Along with various intonations of Michael Caine spouting Dylan Thomas' "Rage against the dying of the light" and him decrying that by the time Coop returns he "will have solved the problem of gravity", there's a danger that the script pitches its way into an overload of drama as the cod philosophical musings reach a feverish level about two thirds of the way in. To say more is to reveal spoilers and the Nolan MO is to gradually leak out moments designed for hysterical detonation as they all converge and for the internet to dissect at a later stage.

However, in among all that heavy sci-fi exposition and relativity jargon that's espoused on screen (which demonstrates how much research Jonathan Nolan did on the subject), there's a truly wondrous spectacle to behold in Interstellar.
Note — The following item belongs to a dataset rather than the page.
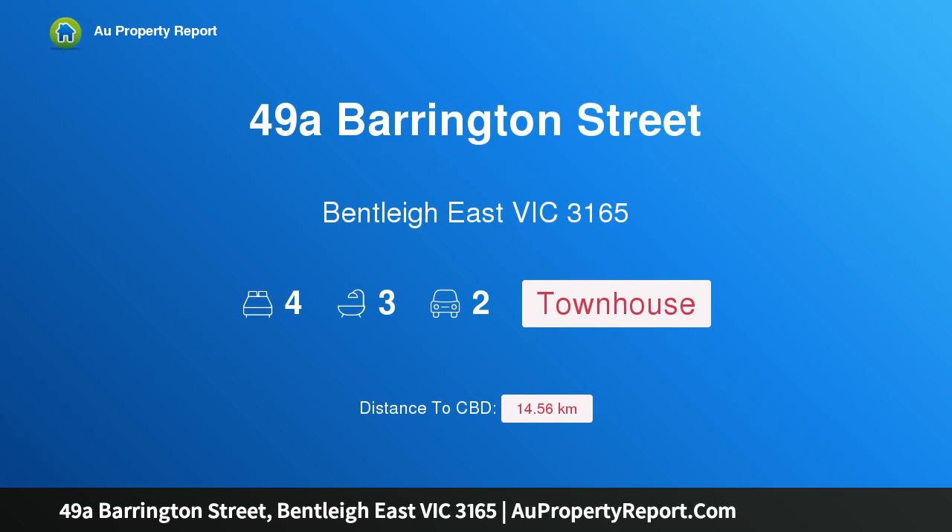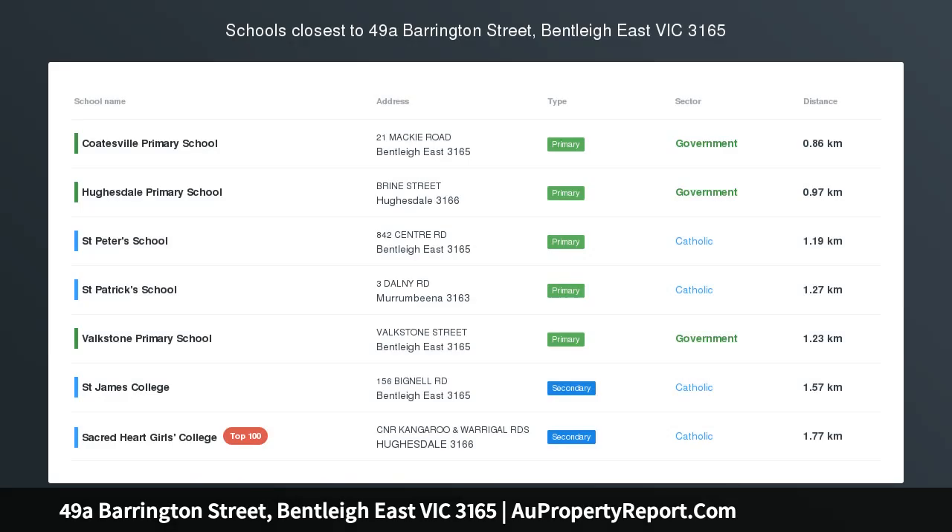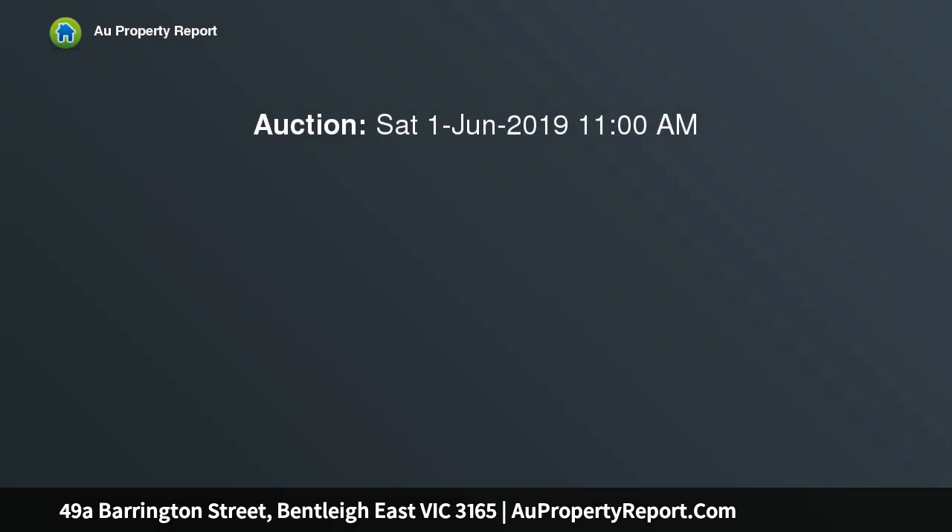Hi, I am glad to introduce property 49A Barrington Street, Bentley East Victoria 3165. Low maintenance luxe in a prized spot, stylish living with free flowing flexibility. This near new freestanding 4 bedroom 3.5 bathroom near new town residence is quality designer living with luxurious comfort.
The space scenes provoke much awe and wonder in a mix of 35mm and 70mm IMAX as the crew (along with wise-cracking robot) negotiates a black hole in a manner akin to what we witnessed back in the 1970s - but it's the emotional scenes where the McConnaissance continues and which give Interstellar its heart and soul that's lacking elsewhere in the film due to underdeveloped characters who merely orbit his Coop (no worse offender than Casey Affleck's son who barely registers - and Anne Hathaway who delivers a terribly corny speech about the values of love from high above.)

A scene where Coop views 23 years of recorded messages from his family and Nolan fixes on his tearful visage is a moment which defies you not to finally feel something as the survival instinct and sentimental love for the family finds its much needed footing (something which is left floundering in parts due to lengthy exposition and little else). It's McConaughey who carries this mission without a shadow of a doubt as Interstellar goes beyond its pro-space race / pioneers message (even taking on the theory the Moon landings were faked) and into matters of the heart and abandonment, albeit with varying degrees of success.

You can't deny Christopher Nolan's ambition with Interstellar - even though what transpires is a flawed masterpiece in many ways that reignites a nostalgic passion so lost over space exploration and yet so steeped in hokum.

But you be wrong to ignore the fact Interstellar is an exhilarating masterpiece that delivers a lot to ponder on (despite its predominantly gooey centre, potentially polarising play-out, occasionally cold core and out-there ending) and proffers up a thoughtful philosophical space-age opera and event movie that's surprisingly grounded in matters closer to earth than the stars above us.